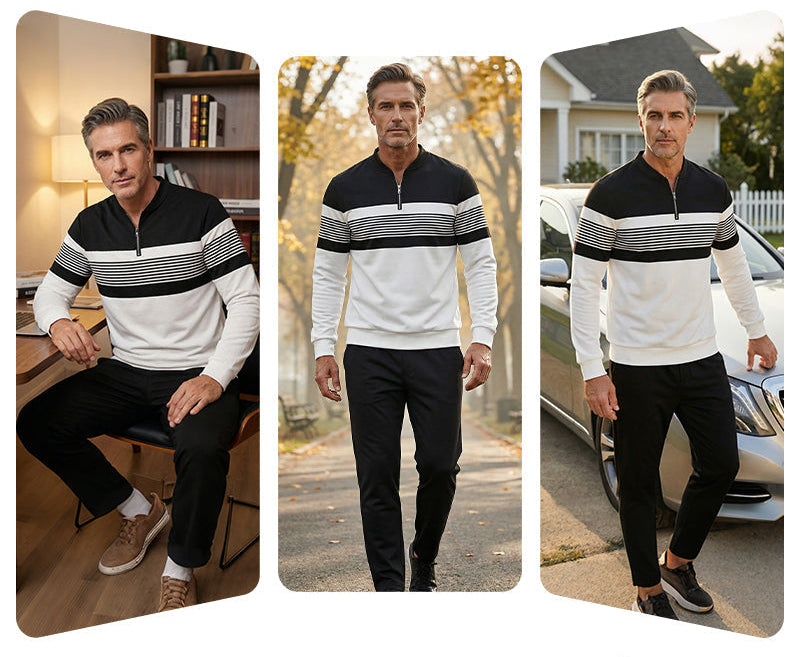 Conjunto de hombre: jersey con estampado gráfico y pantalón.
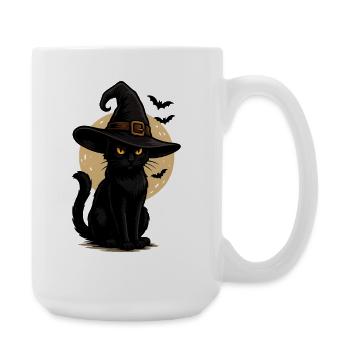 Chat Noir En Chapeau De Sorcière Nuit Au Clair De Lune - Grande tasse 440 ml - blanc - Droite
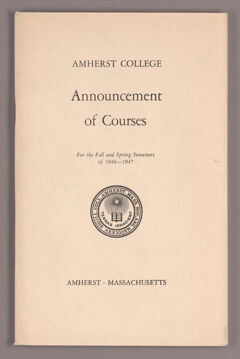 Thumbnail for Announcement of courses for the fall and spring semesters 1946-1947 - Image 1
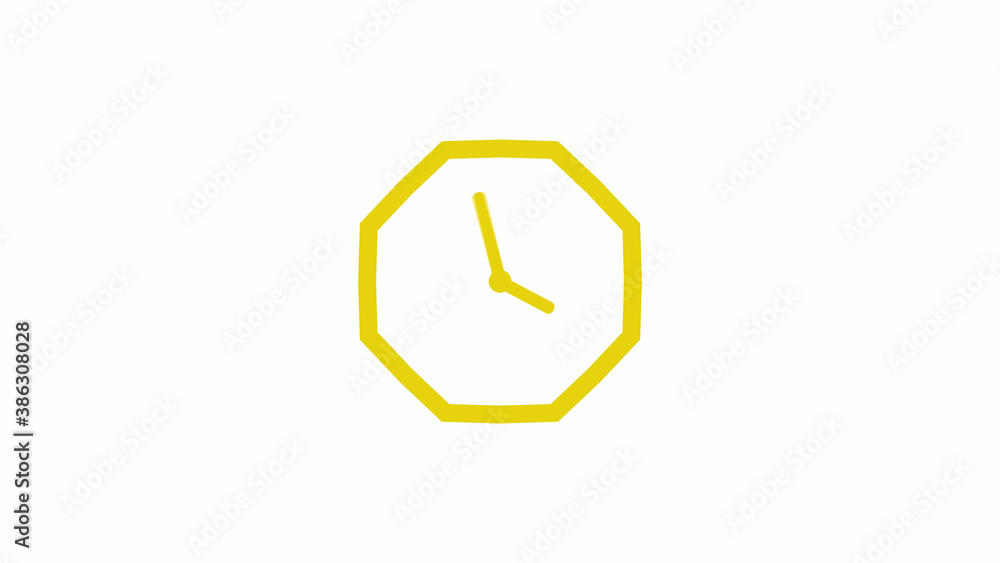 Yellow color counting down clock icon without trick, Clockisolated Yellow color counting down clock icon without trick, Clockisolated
* * *
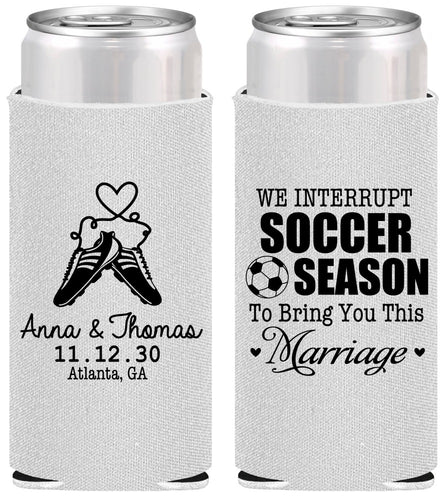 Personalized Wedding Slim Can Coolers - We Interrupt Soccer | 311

= WHAT TO DO =
Would you copy, word for word, only the lines above from the one containing "Chat Noir En" through the one containing "trick, Clockisolated Yellow", both included, and please leave out the pictures?

= COMPLETED EXERCISE =
 Chat Noir En Chapeau De Sorcière Nuit Au Clair De Lune - Grande tasse 440 ml - blanc - Droite
 Thumbnail for Announcement of courses for the fall and spring semesters 1946-1947 - Image 1
 Yellow color counting down clock icon without trick, Clockisolated Yellow color counting down clock icon without trick, Clockisolated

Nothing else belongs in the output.